I’m all for education and enlightenment. I love it when I learn something new. Love it when I try something and it works. The first time I heard Robin Shewokis speak on enrichment, it made me think about what I could do to enrich Parker, Pepper and Nyla’s lives. And I think my birds are happier and busier because of what I learned from her.
Hearing Mark Hagen talk about nutrition had the same effect. And so did listening to Dr. Susan Friedman. And Barbara Heidenreich. And most every other person I ever heard do a presentation. There was one exception to this: I went to a presentation years ago and the presenter described what African Greys looked like. All I could think of was, “Wait a minute. I paid how much to hear this?”
When I was writing an article for “Birds USA,” I turned to my pool of experts to get quotes, confirmations and fact checking. One of my first emails was to Melanie Allen of the Hagen Pet Food Company I asked her a question and it wasn’t that she was evasive, but she wouldn’t come right out and give me the answer to my question. Using the Socratic method of teaching and after a volley of emails back and forth, she got me to answer my own question. I knew I’d scored when her final email read like this:
You got it!
I felt like I had just won at Wimbledon. Sometimes learning isn’t always discovering something entirely new. Occasionally it’s just confirming something you had already suspected or presumed. On the flip side, you also possess a bullshit detector and this can also start beeping if you hear someone say something that is complete and utter crap. I’ve said this before but it’s worth repeating. Susan Friedman taught me the 8 most lovely words to use in these instances.

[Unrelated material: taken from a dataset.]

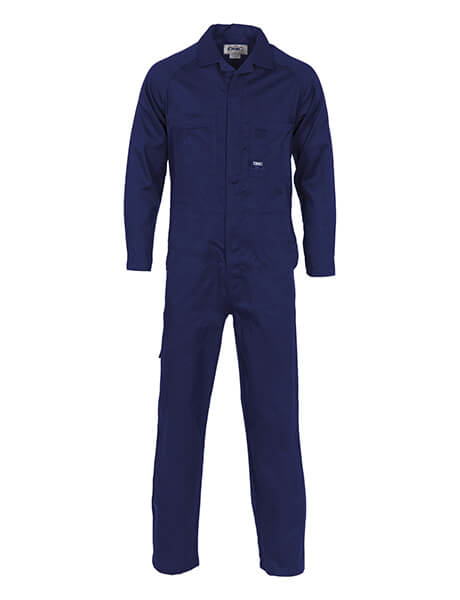 DNC Lightweight Cool-Breeze Cotton Drill Coverall (3104)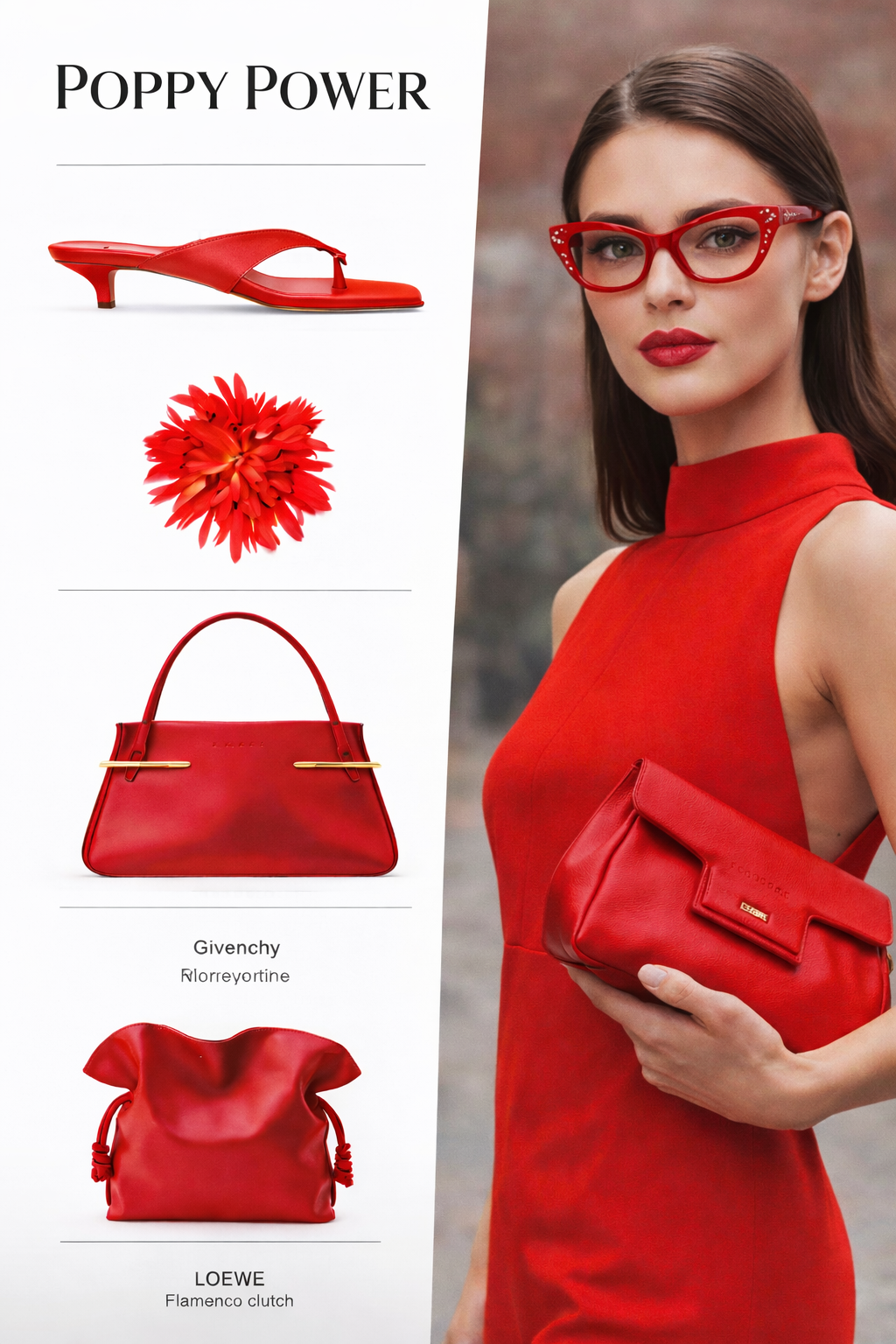 Poppy Power Spring 2026 trend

“Can you show me the data on that?”
Sometimes our gut instinct tells us whether something is good or right or correct. You may not know “for sure” but if you’re reading this, you’re sitting in front of one of the best teachers ever invented. I will now give you a quote from my Mother who unfailingly came back with this when I asked her how to spell something:
“Look it up.”
Now, that’s all well and good, but it’s kind of hard to look something up in the dictionary if you don’t know how to spell it. This was before spellcheck or even personal computers for that matter, so you really did have to have a vague idea how to spell something in order to look it up. This was lost on my Mother. But in the computer age, things have changed and it’s now a breeze to look up just about anything. And if that fails, just call Melanie Allen from Hagen.